Judge Adam Arseneau wants all you long-haired hippies off his lawn right now, dag nabbit!
The mud. The music. The madness.
Part concert film, part historical documentary on one of the seminal music festivals in the world, Glastonbury is the biggest collection of dirty hippies on your lawn you will ever see.
Damn hippies. Get off my lawn! Bunch of long-haired freaks…
Facts of the Case
A surreal blend of Woodstock, Cirque du Soleil, an all-night rave, and a week-long acid trip, the Glasonbury Festival is the largest outdoor festival of music and arts in the world, as well as one of the oldest. Founded by dairy farmer turned festival organizer Michael Eavis in 1970, inspired by free expression, hippie culture, and outdoor concerts like Woodstock and the Isle of Wight Festival, Glastonbury has transformed over the decades from its humble roots into a British musical behemoth, with hundreds of bands and hundreds of thousands of attendees each year.
Conceived to create a permanent record of the festival's 35-year history, Glastonbury chronicles both the history of the festival from its early days of counter-culture, free-spirited rebellion, and gypsy travelers into its current incarnation as a massive million-dollar mega-festival spread over nearly four kilometers. Composed of footage spanning the entire festival timeline, Glastonbury puts us in the mud, the dirt, the sprawling sea of unwashed bodies and naked dancing hippies, the drugs and alcohol, and the occasional police riot.

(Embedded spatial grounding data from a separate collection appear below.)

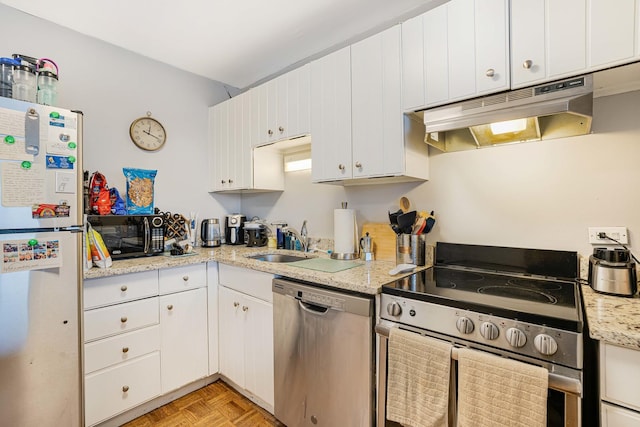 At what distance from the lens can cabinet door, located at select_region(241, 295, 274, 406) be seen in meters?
1.79

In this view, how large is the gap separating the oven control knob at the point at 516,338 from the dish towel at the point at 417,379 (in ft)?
0.66

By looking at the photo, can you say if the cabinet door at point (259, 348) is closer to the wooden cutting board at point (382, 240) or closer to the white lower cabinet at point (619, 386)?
the wooden cutting board at point (382, 240)

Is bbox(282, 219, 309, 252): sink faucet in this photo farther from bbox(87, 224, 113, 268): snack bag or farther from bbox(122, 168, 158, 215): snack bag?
bbox(87, 224, 113, 268): snack bag

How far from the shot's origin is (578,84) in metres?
1.14

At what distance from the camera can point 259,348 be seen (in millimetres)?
1856

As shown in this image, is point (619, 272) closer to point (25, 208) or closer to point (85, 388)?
point (25, 208)

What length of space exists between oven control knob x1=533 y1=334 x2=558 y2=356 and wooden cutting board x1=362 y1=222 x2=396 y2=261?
1.02 metres

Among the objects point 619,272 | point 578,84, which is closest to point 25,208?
point 578,84

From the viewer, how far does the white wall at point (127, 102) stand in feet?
6.70

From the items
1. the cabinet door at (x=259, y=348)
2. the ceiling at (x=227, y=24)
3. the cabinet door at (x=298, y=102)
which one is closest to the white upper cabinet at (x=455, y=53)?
the ceiling at (x=227, y=24)

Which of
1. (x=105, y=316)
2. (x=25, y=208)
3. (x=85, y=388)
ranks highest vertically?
(x=25, y=208)

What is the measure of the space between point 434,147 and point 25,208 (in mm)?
2088

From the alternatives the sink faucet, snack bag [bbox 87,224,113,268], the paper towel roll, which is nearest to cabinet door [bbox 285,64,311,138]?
the paper towel roll

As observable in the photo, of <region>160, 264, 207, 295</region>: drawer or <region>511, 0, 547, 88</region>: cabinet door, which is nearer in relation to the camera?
<region>511, 0, 547, 88</region>: cabinet door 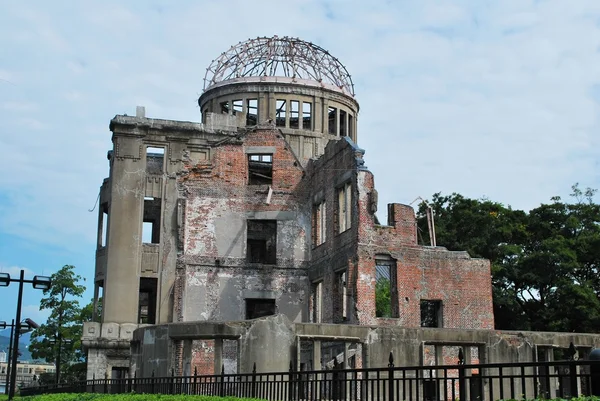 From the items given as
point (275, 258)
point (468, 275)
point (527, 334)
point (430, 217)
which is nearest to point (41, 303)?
point (275, 258)

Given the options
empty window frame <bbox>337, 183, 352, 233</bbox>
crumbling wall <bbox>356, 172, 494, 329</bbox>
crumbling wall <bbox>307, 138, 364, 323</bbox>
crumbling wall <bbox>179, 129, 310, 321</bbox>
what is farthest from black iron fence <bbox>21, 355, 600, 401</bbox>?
crumbling wall <bbox>179, 129, 310, 321</bbox>

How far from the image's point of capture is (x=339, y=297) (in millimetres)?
29109

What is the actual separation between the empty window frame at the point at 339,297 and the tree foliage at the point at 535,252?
11.1 meters

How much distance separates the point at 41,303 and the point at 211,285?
1570 centimetres

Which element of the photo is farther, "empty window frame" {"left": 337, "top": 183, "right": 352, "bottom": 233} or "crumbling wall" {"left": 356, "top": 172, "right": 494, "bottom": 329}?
"empty window frame" {"left": 337, "top": 183, "right": 352, "bottom": 233}

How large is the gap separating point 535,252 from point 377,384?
98.9 ft

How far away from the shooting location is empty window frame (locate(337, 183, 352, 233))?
29.0 m

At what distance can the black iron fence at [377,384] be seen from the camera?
7.21m

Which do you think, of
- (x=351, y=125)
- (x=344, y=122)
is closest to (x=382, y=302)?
(x=351, y=125)

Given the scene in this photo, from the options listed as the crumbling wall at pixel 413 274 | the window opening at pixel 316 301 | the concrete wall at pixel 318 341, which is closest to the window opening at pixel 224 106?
the window opening at pixel 316 301

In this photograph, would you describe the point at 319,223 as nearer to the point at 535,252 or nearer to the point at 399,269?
the point at 399,269

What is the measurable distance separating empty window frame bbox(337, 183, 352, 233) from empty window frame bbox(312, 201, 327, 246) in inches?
77.3

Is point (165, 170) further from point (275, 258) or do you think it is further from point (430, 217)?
point (430, 217)

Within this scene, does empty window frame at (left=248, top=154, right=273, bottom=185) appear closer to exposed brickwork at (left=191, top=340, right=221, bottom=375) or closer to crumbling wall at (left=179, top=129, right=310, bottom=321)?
crumbling wall at (left=179, top=129, right=310, bottom=321)
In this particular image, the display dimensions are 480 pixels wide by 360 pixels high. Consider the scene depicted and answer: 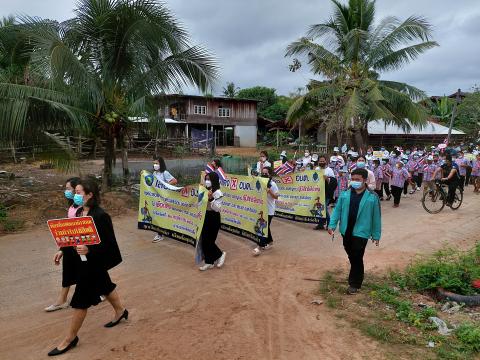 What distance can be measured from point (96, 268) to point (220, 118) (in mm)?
34387

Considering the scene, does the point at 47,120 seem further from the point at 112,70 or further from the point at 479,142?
the point at 479,142

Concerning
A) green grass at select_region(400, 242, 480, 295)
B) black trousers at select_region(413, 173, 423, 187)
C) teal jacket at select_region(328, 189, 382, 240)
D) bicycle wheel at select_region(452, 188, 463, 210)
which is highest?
teal jacket at select_region(328, 189, 382, 240)

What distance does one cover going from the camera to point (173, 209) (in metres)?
7.25

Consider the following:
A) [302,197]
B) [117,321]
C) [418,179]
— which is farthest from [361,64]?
[117,321]

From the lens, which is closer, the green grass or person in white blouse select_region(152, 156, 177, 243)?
the green grass

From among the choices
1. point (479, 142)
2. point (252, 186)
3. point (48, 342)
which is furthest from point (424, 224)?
point (479, 142)

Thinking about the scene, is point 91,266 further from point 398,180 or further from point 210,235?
point 398,180

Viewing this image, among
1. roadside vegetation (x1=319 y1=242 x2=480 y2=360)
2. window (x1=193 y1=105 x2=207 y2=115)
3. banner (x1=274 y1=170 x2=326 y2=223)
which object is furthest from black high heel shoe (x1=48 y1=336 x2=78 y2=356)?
window (x1=193 y1=105 x2=207 y2=115)

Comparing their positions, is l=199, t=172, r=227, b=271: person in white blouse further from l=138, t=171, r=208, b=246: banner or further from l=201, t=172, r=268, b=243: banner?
l=201, t=172, r=268, b=243: banner

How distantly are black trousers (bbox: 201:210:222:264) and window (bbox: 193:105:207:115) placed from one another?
1199 inches

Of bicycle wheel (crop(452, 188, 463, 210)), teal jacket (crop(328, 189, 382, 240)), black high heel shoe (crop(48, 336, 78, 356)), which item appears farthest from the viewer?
bicycle wheel (crop(452, 188, 463, 210))

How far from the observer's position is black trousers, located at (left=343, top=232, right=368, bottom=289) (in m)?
5.26

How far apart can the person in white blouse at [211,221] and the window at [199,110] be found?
30303 mm

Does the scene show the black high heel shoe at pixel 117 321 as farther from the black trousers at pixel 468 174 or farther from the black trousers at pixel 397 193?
the black trousers at pixel 468 174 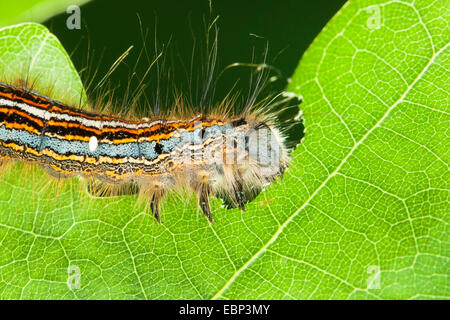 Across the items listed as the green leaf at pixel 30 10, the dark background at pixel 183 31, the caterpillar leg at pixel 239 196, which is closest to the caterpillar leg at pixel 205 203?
the caterpillar leg at pixel 239 196

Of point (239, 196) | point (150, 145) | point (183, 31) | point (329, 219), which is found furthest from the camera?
point (183, 31)

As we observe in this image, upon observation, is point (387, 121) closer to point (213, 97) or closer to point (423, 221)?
point (423, 221)

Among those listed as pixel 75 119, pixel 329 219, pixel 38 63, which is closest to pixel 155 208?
pixel 75 119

Shot between 2002 and 2005 with thousands of hours of amateur video contributions, this two-disc DVD features live performances from Coldplay, Radiohead, Oasis, Paul McCartney, David Bowie, REM, The White Stripes, Foo Fighters, The Killers, Massive Attack, Blur, and more.
Trying to create a single film that does the Glastonbury Festival justice is a near-impossible task. The festival is so large, so wild and out of control, so utterly unrestrained and massive that all previous attempts to chronicle the mania on film have violently self-destructed. So who better to capture the anarchy of Glastonbury than the director who made his name capturing the Sex Pistols tear a hole in the music industry? Director Julian Temple, of The Great Rock 'n' Roll Swindle and The Filth and the Fury fame brings the same energy and uncompromising vision to Glastonbury, attempting to tell a tale about the festival as if it were a living, breathing organism, capturing it from all angles, both glamorous and ugly, pristine and utterly filth-ridden. The experience is somewhat intoxicating; a two-hour kaleidoscopic assault of mud, music, mayhem, and more substance abuse than you can handle.
Unstructured and free-flowing, at times Glastonbury feels like three or four films randomly edited together into a gigantic two-hour cacophony. Believe it or not, this is surprisingly accurate, considering the film's roots. Temple originally agreed to film the festival in 2002, as rumors swirled that Glastonbury might shut its gates forever due to increasing logistical problems and modernization. However, the festival rolled on, so Temple came back in 2003, 2004, and 2005, shooting more and more film. Add to this footage hundreds of hours of fan-submitted material stretching back to the 1970s, edit it down to a smart two-hour running time, and you have Glastonbury The diversity of the musical acts and festival goers captured reflects the film's chronological depth.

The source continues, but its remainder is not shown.